- With the commercial launch of Oculus Rift, Samsung Gear VR, and other VR systems this year, combined with the ‘wow factor’ of VR content, together with the rapid development of Augmented Reality outside of product scanning into potentially immersive experiences means mobile is really powering the merging of the physical and digital worlds
- The potential applications for both entertainment and marketing will make Mixed Reality the standout mainstream story from MWC
Excerpts from the Mobile Marketing Magazine article:
We’ll see the next stage of development for wearables and whether these can jump the trough of disillusionment, from packages of sensors for fitness or communications into invaluable and useful mass-market products. Similarly, the slower development of consumer-relevant IoT devices, be that in the connected home, the connected car or the connected city, will feature heavily, even though the real issue is not hardware development, but the consumer needs proposition and the software needed to run multiple connected services together.
But MWC will be won this year by Virtual Reality + Augmented Reality = Mixed Reality. The commercial launch of Oculus, Gear and other VR systems this year, combined with truly ‘wow factor’ VR content, together with the rapid development of Augmented Reality outside of product scanning into potentially immersive experiences means mobile is really powering the merging of the physical and digital worlds. The potential applications for both entertainment and marketing will make Mixed Reality the standout mainstream story from MWC.
A big question among mobile network operators at MWC will be how they can maintain their relevance and revenues, as the commoditisation of mobile data and the popularity of OTT services continue to hit their bottom line.
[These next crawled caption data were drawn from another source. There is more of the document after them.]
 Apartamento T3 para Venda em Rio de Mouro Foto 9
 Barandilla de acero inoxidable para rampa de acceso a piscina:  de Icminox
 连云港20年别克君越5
Superfast 4G has brought rich video, location-based Augmented Reality and other high-bandwidth apps to users’ fingertips, enabling organisations to target their customers with more compelling content and offers on the go. But, problems arise when people travel abroad. Traditional roaming can no longer cope with these high data demands, grinding a speedy 4G connection to a halt and leading many of us to simply turn off roaming altogether when travelling abroad. Yet, if done right, there are huge revenue opportunities for mobile network operators in data roaming, and for enterprises looking to engage with roamers. With new approaches to data roaming on the horizon, I expect this to be one of the hot topics of the show.
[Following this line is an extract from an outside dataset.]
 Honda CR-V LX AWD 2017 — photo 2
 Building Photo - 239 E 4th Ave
Flagship smartphone announcements will as usual be a centrepiece of this year’s Congress but nothing can hide the fact that life is tough at the top for the heavyweight device vendors. Emerging markets are now driving global smartphone shipment growth, but pricing pressure is pronounced as home-grown vendors square up to global brands, while the gap in features between high-end smartphones and mid-range devices continues to shrink. Leading vendors will have their work cut out justifying price premiums going forward, as smartphone penetration peaks in many markets and consumers become increasingly cost-conscious.
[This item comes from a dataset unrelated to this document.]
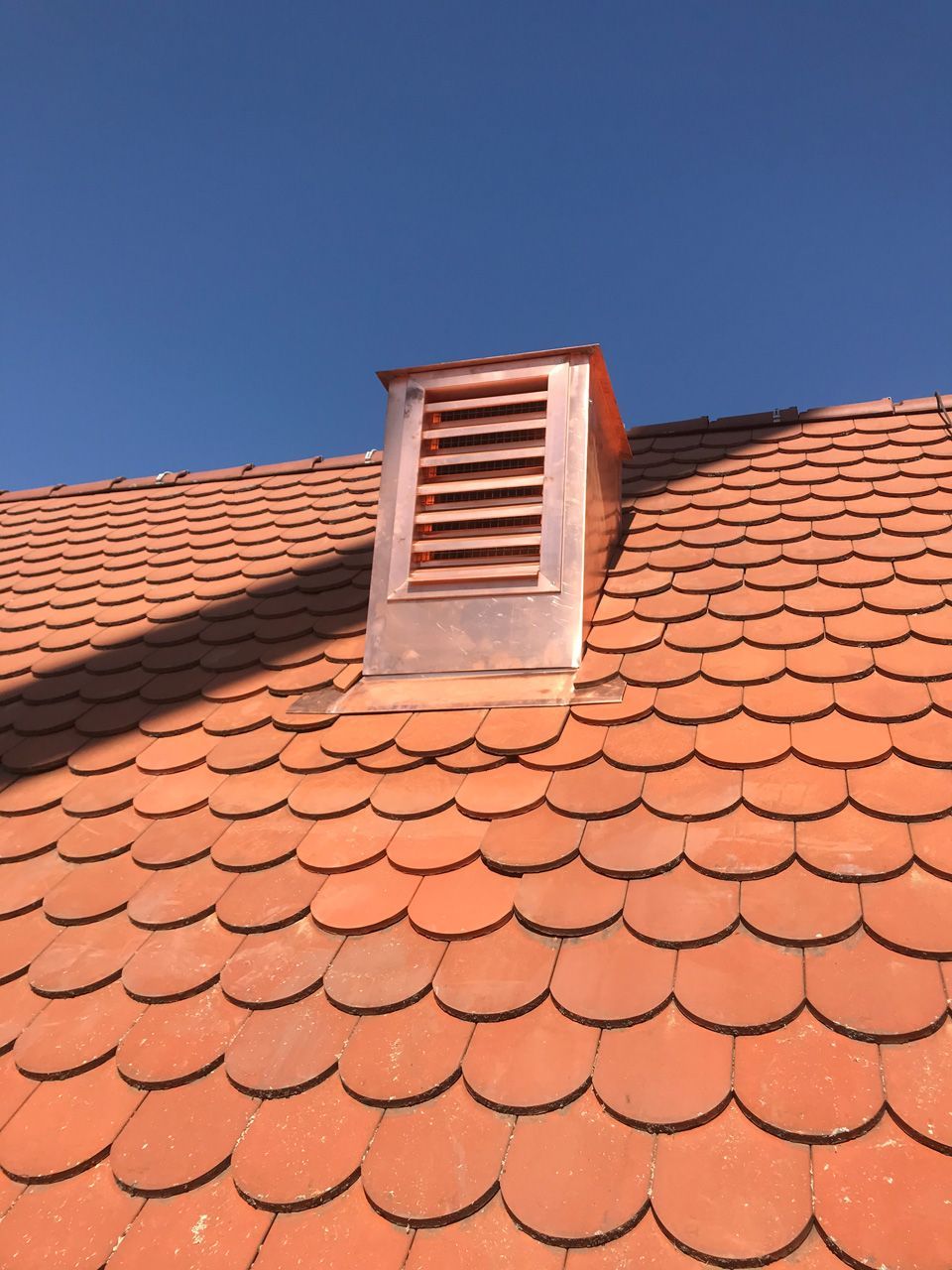 Aufzugs- und Schachtentrauchung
In this light, wearables and Virtual Reality equipment are assuming greater significance for established vendors. Wearable device shipments more than doubled last year, but they still account for just 5 per cent of the smartphone market in volume terms, while Virtual Reality devices are further back still on the adoption curve.
Looking forward, take-up rates for wearables will pivot on the mass market appeal of smart watches, while targeting business users could help widen addressable markets. Tie-ups with fashion and lifestyle brands can be exploited further, while a healthy ecosystem of apps is vital if wearables are to resonate with consumers in the long term.
The Internet of Things has been high on the Congress agenda in recent years and this year will see more news of key developments. Mobile operators are ramping up their IoT connections, while the promise of a hyper-connected world is fuelling plenty of M&A activity in the technology sector.